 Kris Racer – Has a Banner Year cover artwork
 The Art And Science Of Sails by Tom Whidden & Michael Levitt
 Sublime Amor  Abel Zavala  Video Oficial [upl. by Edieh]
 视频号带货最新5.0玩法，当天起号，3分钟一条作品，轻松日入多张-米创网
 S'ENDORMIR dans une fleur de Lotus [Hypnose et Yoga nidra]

...

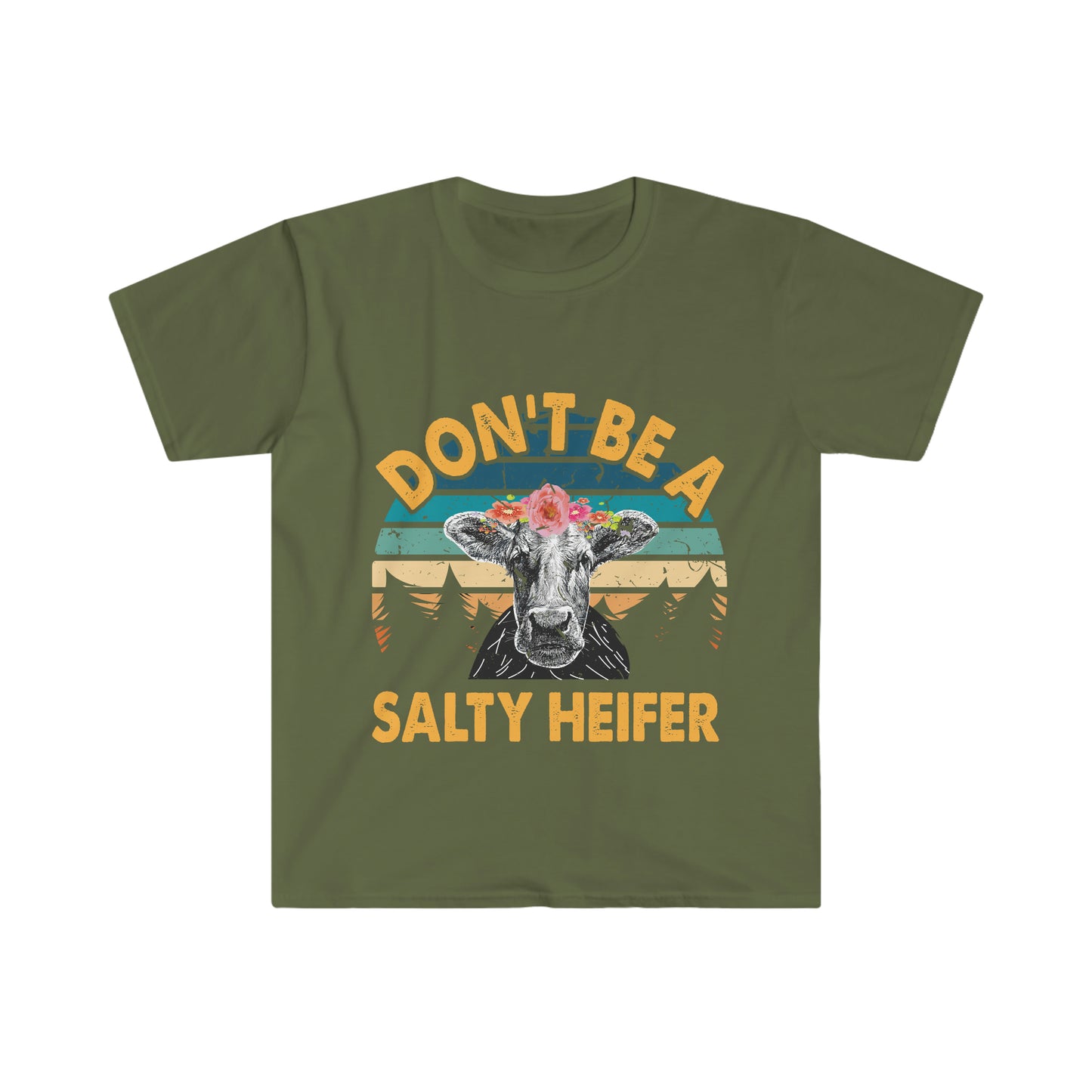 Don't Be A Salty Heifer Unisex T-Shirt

**Prompt:**
Print exactly the lines of the listing above starting at the line containing "视频号带货最新5.0玩法，当天起号，3分钟一条作品，轻松日入多张-米创网" and ending at the line containing "S'ENDORMIR dans une", both included.

**The answer:**
 视频号带货最新5.0玩法，当天起号，3分钟一条作品，轻松日入多张-米创网
 S'ENDORMIR dans une fleur de Lotus [Hypnose et Yoga nidra]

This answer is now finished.